Kabut masih menggantung di lereng Gunung Argopuro, tepatnya di Desa Tlogosari, kecamatan Sumber Malang. Sperti selendang nenek yang lupa dilipat. Udara dingin menusuk tulang, tapi di beranda bambu, ada satu nyala kecil yang setia: tungku tanah liat, panci alumunium hitam, dan bau kopi yang baru ditumbuk.
Di sini orang memanggilnya “Kopi Kopral”.
Bukan sebuah pangkat militer. Bukan pula karena keras. Kopral adalah akronim dari kopi tradisional.
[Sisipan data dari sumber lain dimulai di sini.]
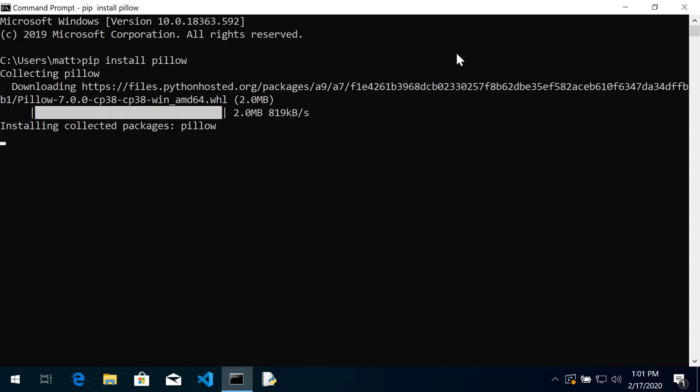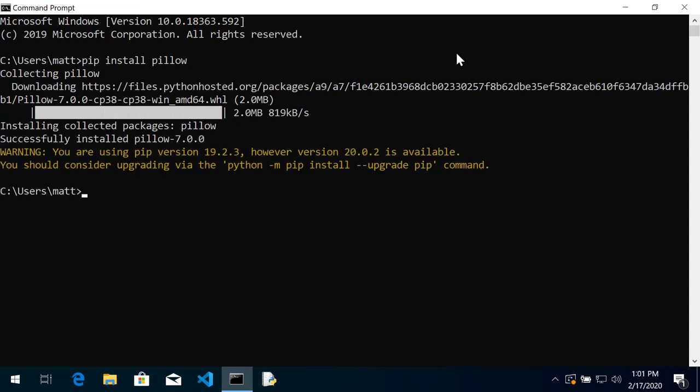The pillow package will be downloaded and installed into your local Python instance. You may get a warning that you need to upgrade pip. You can go ahead and ignore that.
Dan di akhir pekan ini, Sabtu tanggal 15 Agustus 2026 saya berjumpa langsung dengan seorang inisiator kopi “KOPRAL”, Fadhil di kantor PT Walida Argopuro, tepatnya di Desa Tlogosari, Kecamatan Sumber Malang, Situbondo, Jawa Timur.
Dia menyambut kedatangan saya sangat ramah dan ada kesan mudah akrab. Senyumnya selalu mengembang bagi semua lawan bicaranya. Pria asli kelahiran kabupaten Sumenep, Madura itu mengatakan,
”Inisiasinya sejak tahun 2013 dan baru dipasarkan pertama pada tahun 2015, dan pada awalnya banyak orang belum paham, sehingga baru boomingnya di awal -awal 2020 ke atas. Dan saya merasa terinspirasi karena saya pengen masyarakat Indonesia merasakan rasa pyur asli kopi yang berasal dari sebuah daerah yang menggunakan kopi asli Sumber Malang. Kopi kopral ini murni kopi tidak ada campuran dan itu varietas Arab. Sedangkan untuk pasaran sudah tembus luar negeri yakin ke Jerman, Brasil, Arab, Dubai dan Qatar,” papar Fadhil.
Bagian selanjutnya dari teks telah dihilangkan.